In its seasonal temperature outlook, NOAA forecast higher-than-average temperatures across most of the southern continental U.S. | NOAA

Possible explanations for rising prices at other hubs include competition with other regions for LNG at the Algonquin Citygates hub, potential supply constraints at Transco Zone 6, and infrastructure constraints at both SoCal-Citygate and PG&E-Citygate in California. However, gas storage inventories stood at 3,915 Bcf at the beginning of the withdrawal season, near the top of the five-year range, and are expected to “remain relatively robust through winter,” helping to moderate price volatility.

Solar, Batteries Lead Capacity Additions

On the electricity side, Shannon Zaret of OTRE told commissioners that EIA predicts total electricity consumption of 1,035 TWh this winter, slightly less than the 1,041 TWh recorded the previous winter but still higher than the five-year average.

Zaret said the greatest use is expected in the residential sector, at 387 TWh, followed by commercial users at 359 TWh and industrial at 254 TWh.

Electricity usage in the commercial sector is projected at 5% above its five-year average, Zaret said, with EIA attributing the rise in part to data centers in the PJM region.

EIA forecasts the electric sector to have new generation capacity totaling 64.7 GW this winter, comprising 25.7 GW of generation completed between March and November and 39 GW expected between December and February 2026. The new generation is offset by 2.4 GW of retirements already completed by November and 6.2 GW of further retirements expected by February. Most of the retirements are coal-fired plants, while solar generation accounts for half of the capacity additions and batteries 30%.

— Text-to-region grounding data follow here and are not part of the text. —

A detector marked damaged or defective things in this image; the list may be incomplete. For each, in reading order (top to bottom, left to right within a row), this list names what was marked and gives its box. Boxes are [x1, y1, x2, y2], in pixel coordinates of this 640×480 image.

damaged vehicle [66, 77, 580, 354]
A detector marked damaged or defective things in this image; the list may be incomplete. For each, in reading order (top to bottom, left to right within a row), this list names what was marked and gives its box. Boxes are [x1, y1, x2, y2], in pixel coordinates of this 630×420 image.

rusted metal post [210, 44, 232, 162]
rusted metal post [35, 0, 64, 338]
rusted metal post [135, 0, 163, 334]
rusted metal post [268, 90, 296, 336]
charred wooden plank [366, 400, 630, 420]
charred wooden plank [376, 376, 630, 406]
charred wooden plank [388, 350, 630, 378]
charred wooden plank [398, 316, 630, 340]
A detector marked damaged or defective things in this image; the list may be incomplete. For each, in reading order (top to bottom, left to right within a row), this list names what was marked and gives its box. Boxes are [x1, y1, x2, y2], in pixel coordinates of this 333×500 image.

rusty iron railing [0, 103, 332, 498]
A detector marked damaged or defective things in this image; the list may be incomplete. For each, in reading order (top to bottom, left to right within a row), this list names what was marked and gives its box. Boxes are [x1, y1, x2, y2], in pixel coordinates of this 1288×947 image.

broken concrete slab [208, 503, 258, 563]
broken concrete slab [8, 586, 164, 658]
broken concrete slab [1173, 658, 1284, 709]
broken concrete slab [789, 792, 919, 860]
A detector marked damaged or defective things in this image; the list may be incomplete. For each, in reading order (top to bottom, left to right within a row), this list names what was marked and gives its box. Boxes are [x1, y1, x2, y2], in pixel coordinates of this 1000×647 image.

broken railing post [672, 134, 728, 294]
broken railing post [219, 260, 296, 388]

NERC Senior Engineer Robert Tallman shared a summary of the ERO’s Winter Reliability Assessment, published Nov. 18. (See NERC Winter Reliability Assessment Finds Many Regions Facing Elevated Risk.) That report found that several subregions face elevated risk for outages this winter if they experience severe weather, with the highest risk in the WECC Northwest and Basin subregions, ERCOT, SERC Reliability’s Central and East subregions, and the Northeast Power Coordinating Council’s New England and Canadian Maritime Provinces subregions.

Asked by FERC Chair Laura Swett whether gas production in the U.S. will “keep pace” with demand this winter, Primosch said the elevated production, along with precautions taken by producers, gave cause for optimism.

“We’ve seen producers really focus on improving winterization … in terms of preventing equipment failure [and] wellhead freeze-offs, [and] really trying to maintain as much production as possible on their system during these winter weather events,” Primosch said. “This strategy was effective last winter, as we saw the collaboration of producers, pipelines [and] storage operators all work together to help meet peak record demand, [and] we expect that to be the case again this winter.”

FERC Ends Nonpublic Investigations into Winter Storm Uri

FERC said Nov. 20 it has closed its enforcement investigations into possible unlawful activity related to 2021’s Winter Storm Uri, just a few months before the statute of limitations on the issue is to expire.

The storm knocked out power across much of Texas for days, leading to hundreds of deaths, and caused massive electricity price spikes there while driving up natural gas costs across a broad swath of the country.

FERC and NERC quickly released a report on the reliability issues in ERCOT in November 2021, which included recommended changes to winter reliability standards that since have been put in place. (See FERC, NERC Release Final Texas Storm Report.)

The commission released its fiscal 2025 Report on Enforcement at its regular meeting Nov. 20, but earlier versions of the report for 2023 and 2024 explained some of the nonpublic investigations into activity around the storm.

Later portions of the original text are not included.